А ведь кассы я им не пополню.
— Значит, все хорошо!
— Все хорошо. Скоро я стану бедным.
— Ты никогда не станешь бедным, даже если у тебя не останется ни гроша, даже если все твои чертовы отели прогорят.
Последовала еще одна небольшая пауза, а потом голос Дории на том конце провода:
— Слушай хорошенько: я решила покончить с собой.
— Из-за фильма?
— Не из-за фильма.
— Из-за Хасена?
— Не смейся надо мной. Хасен не в счет. Он с трудом поднимает веки.
— Ему никогда не удавалось их поднять. Разве что ровно настолько, чтобы время от времени замечать тебя.
— Жизнь — сплошная мерзость.
— Если начинаешь размышлять. Ложилась бы ты лучше спать.
— Послушай, милый, я говорю серьезно. Не нужно на меня сердиться. Но то, что происходит, ужасно. Этот фильм действительно отвратителен.

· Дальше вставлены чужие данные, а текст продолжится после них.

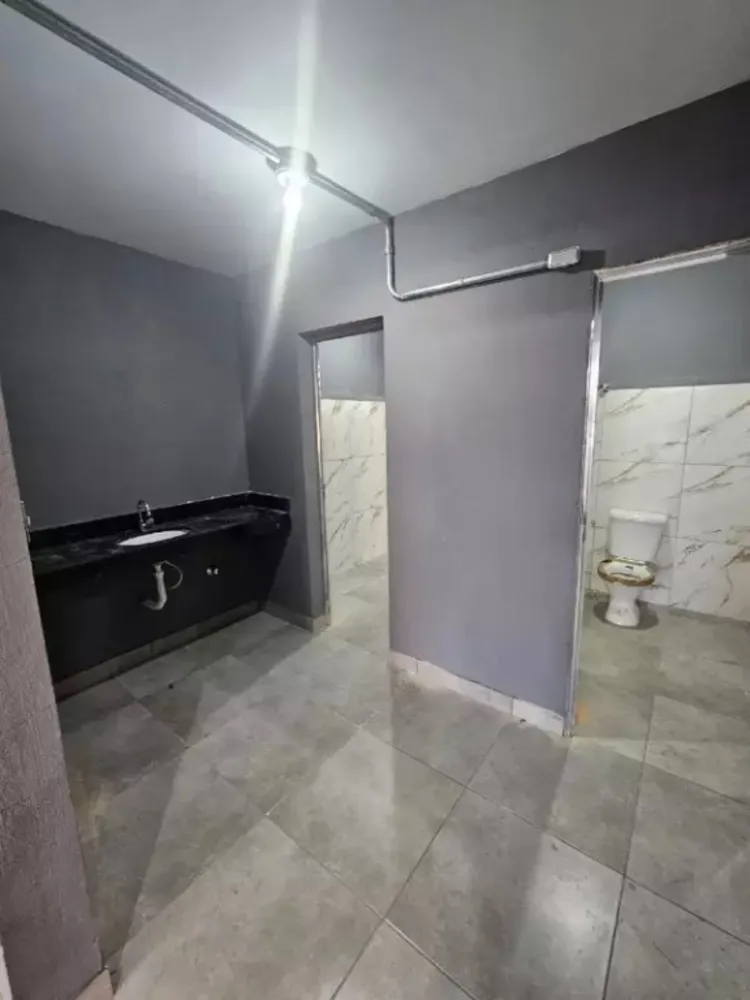Depósito-Galpão, 303 m² - Foto 7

— Ты это уже говорила. Но что ты под этим понимаешь? Ты хочешь сказать, что он помешает тебе быть принятой в Букингемском дворце?
— Ты издеваешься надо мной? Отвратительный — это значит, что фильм дрянной, испорченный. Никчемный! Страшное барахло!.. Ну да хватит об этом. Что он тебе сказал, твой Орландо, по поводу твоего… головокружения?
— Ничего.
— И стоило из-за этого туда ехать?
— Стоило.
— Ну, тогда все в порядке. Держу пари, что вы вместе ухлестывали за девицами.
— Мы всегда ухлестывали вместе за одними девицами. Это точно. Только сейчас в Монтрё, должен тебе сказать, скорее затишье.